I think a lot of media companies feel as though Facebook often pulls a bait-and-switch tactic on them, where they are promised certain things and then the algorithm changes and all bets are off.

“I think that’s true. And some of that has to do with the different cultures of a technology company and a media company. For technology companies, the culture is to experiment and change and to modify and to iterate and to be in a constant state of change. Whereas if you’re building a media business, you’re looking for stability and consistency. And so those two dynamics aren’t always gonna mesh very well. I think what we can do to make things better is transparency and communication about what’s coming — like we may go to a publisher and say we want to test this new product, but what we also have to say is that it might not work and if it doesn’t work we’re going to change it. So don’t come test with us if you’re not ready for that ride.”

Ranking news sources on trust is a difficult problem, since a lot of people disagree on who they trust and who they don’t. Lots of people trust Breitbart News, for example.
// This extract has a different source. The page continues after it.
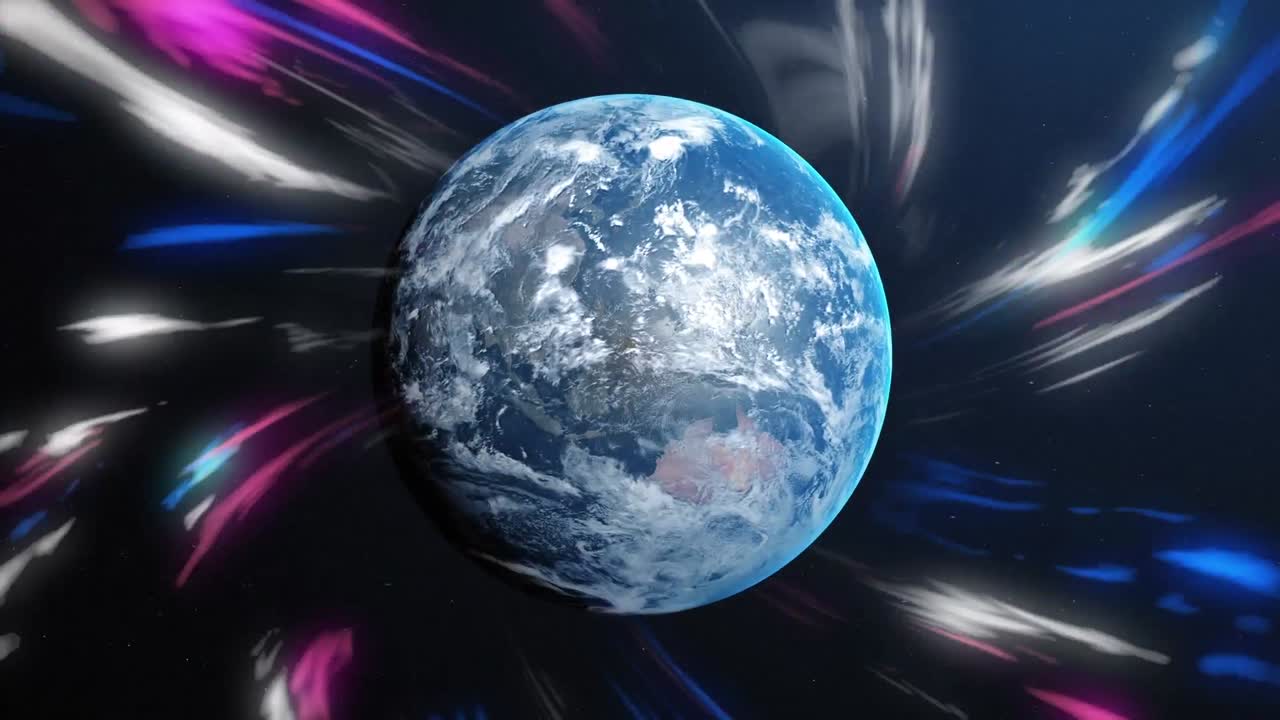 animación de rastros de luz brillante sobre el planeta tierra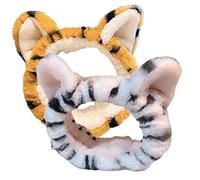 Mikikit Diadema de Felpa con Orejas Animales para Mujer, Banda Elástica Ancha para Maquillaje y Lavado Facial, 2 Piezas para Cuidado Cutáneo y Uso Diario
“I think that is what makes this so hard, that we’re trying to find ways to define quality. We’re trying to find ways that are fair that can account for the different kinds of journalism out there. It’s really hard to get this right. One of the measures we’re using is to look at broadly trusted news organizations, but if you try to define widely trusted you end up with mostly big brand-name publishers versus someone small like Axios, more niche publishers who aren’t going to have the same brand recognition. So what are the quality measures you look at to ensure that we capture those publishers? And how do you get people to agree on quality measures? This is really tricky, and it’s one of the things we’re going to be devoting a lot of time to in the coming months because I don’t think that we can unilaterally make these decisions and get it right.”

It seems inevitable that Facebook is going to be accused of rigging the game or choosing the sources that it likes for whatever reason.

It’s not going to be perfect. I’m not going to lie, we don’t have all the answers yet. We’re going to do this in conjunction with publishers, we’re going to do it in partnership with academia. I want to have a broad cross-section of people in the ecosystem and engaged in conversation. I’d love to work with the other platforms on this. But even then even, let’s say we get the most broad selection of people across the ecosystem to agree on 10 to 15 quality signals that we all agree  the platforms should use to boost quality content. We’re still going to be picking winners and of not getting it right, it’s inevitable. But the alternative is not one that I think any of us can live with. We do have have to agree on a shared set of facts. And we have to do the  best we can to ensure that the information that is getting a boost is factual. I don’t have the answers yet for how we do it, which is why we’re taking baby steps in this direction, because it’s going to be really really difficult.”